# Blue Diamond Growth Measurement



## balluupnetme (Oct 23, 2006)

received him in Dec 2010 @ 4"

after 5 months May 2011 he's 5"

I managed to take a quick video you can hear the chompers !


----------



## serrasalmus_ve (Feb 12, 2008)

Nice fish


----------



## roidrage03 (Aug 15, 2010)

where did you get this guy? AS or AE if i may ask. hah.


----------



## balluupnetme (Oct 23, 2006)

roidrage03 said:


> Nice fish


thanks, but I have him up for sale


----------



## Sylar_92 (Dec 15, 2010)

Nice fish looks like the one I have, mines about 4.5 ". Is that a custom net or did you buy it? If you bought it what brand is that?


----------



## balluupnetme (Oct 23, 2006)

Sylar_92 said:


> Nice fish looks like the one I have, mines about 4.5 ". Is that a custom net or did you buy it?
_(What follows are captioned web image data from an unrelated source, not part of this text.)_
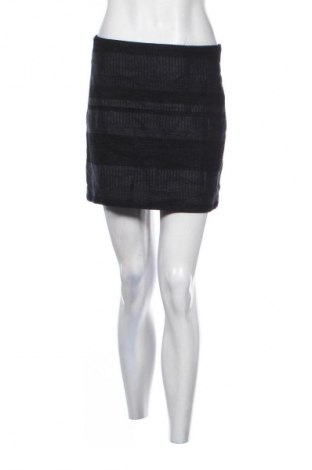 Sukně H&M L.O.G.G., Velikost XL, Barva Vícebarevné, Cena  241,00 Kč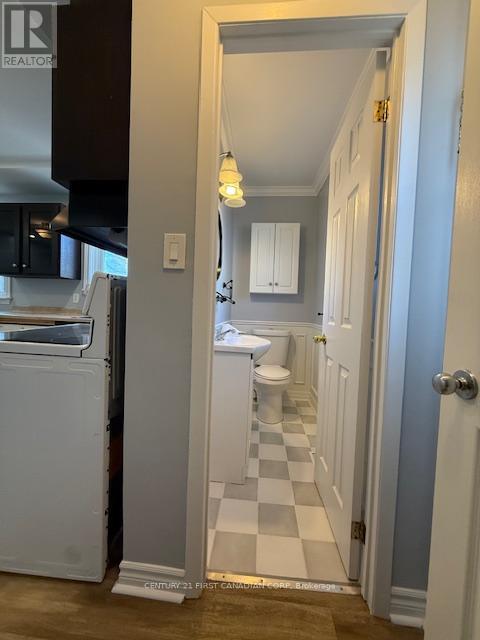 17 Vincent Crescent S, London South (South Q), ON - Indoor Photo Showing Bathroom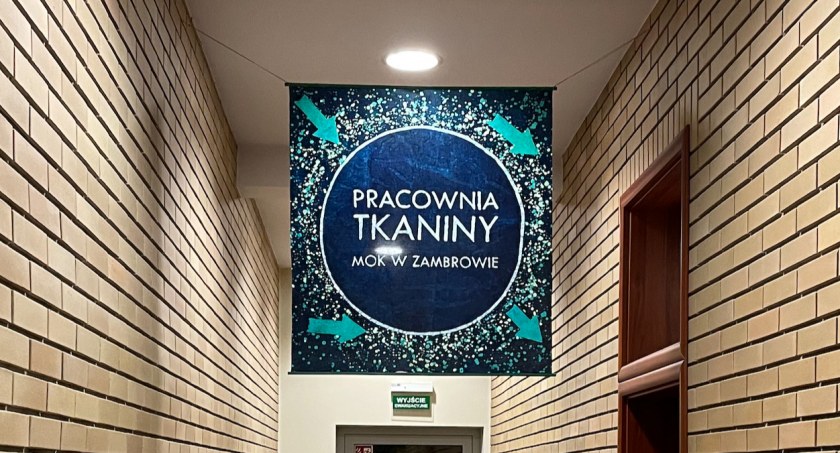 Wernisaż wystawy poplenerowej Pracowni Tkaniny MOK 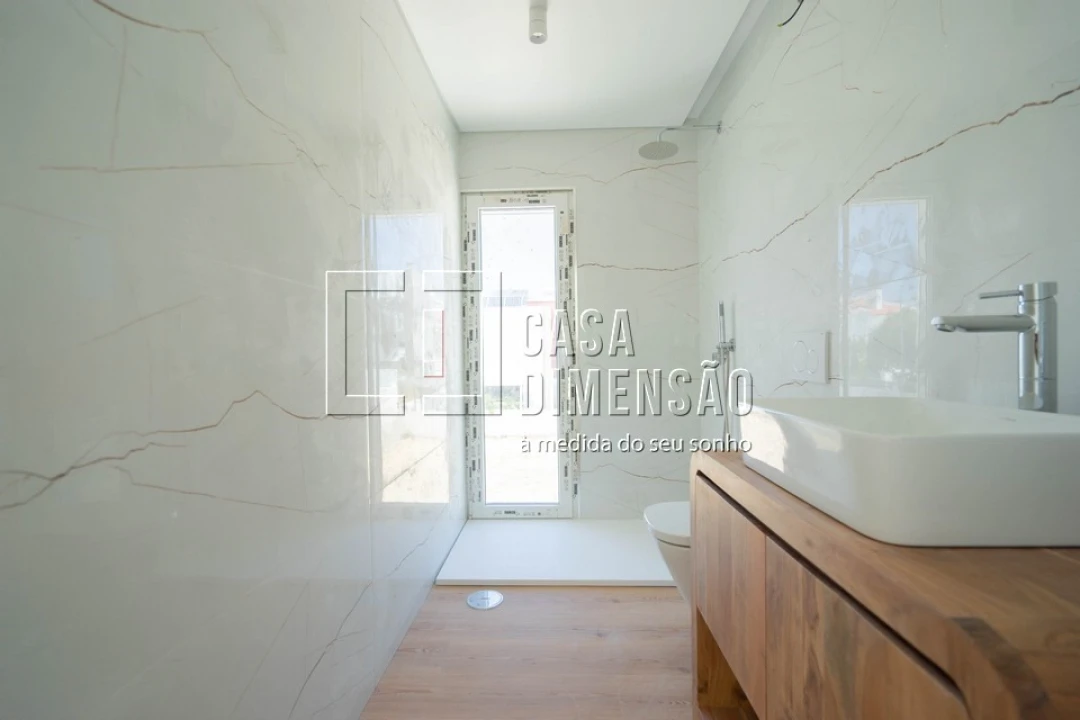 Moradia T4 para Venda em Laranjeiro e Feijó Foto 35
If you bought it what brand is that?


thanks, I bought the net from petco


----------



## Smoke (Sep 8, 2010)

Looks nice, starting to darken up


----------



## balluupnetme (Oct 23, 2006)

Smoke said:


> Looks nice, starting to darken up


Thanks, it looks lighter in the tank I think because of the light colored sand


----------



## Piranha-Freak101 (Dec 8, 2010)

Very nice rhom


----------



## balluupnetme (Oct 23, 2006)

thanks


----------



## phensway (Apr 7, 2003)

Thats pretty good growth for a serra in 5 months


----------



## balluupnetme (Oct 23, 2006)

yea...even though I fed it everyday, thanks


----------



## salvo85 (Jul 25, 2010)

amazing blu diamond rhom








congrats


----------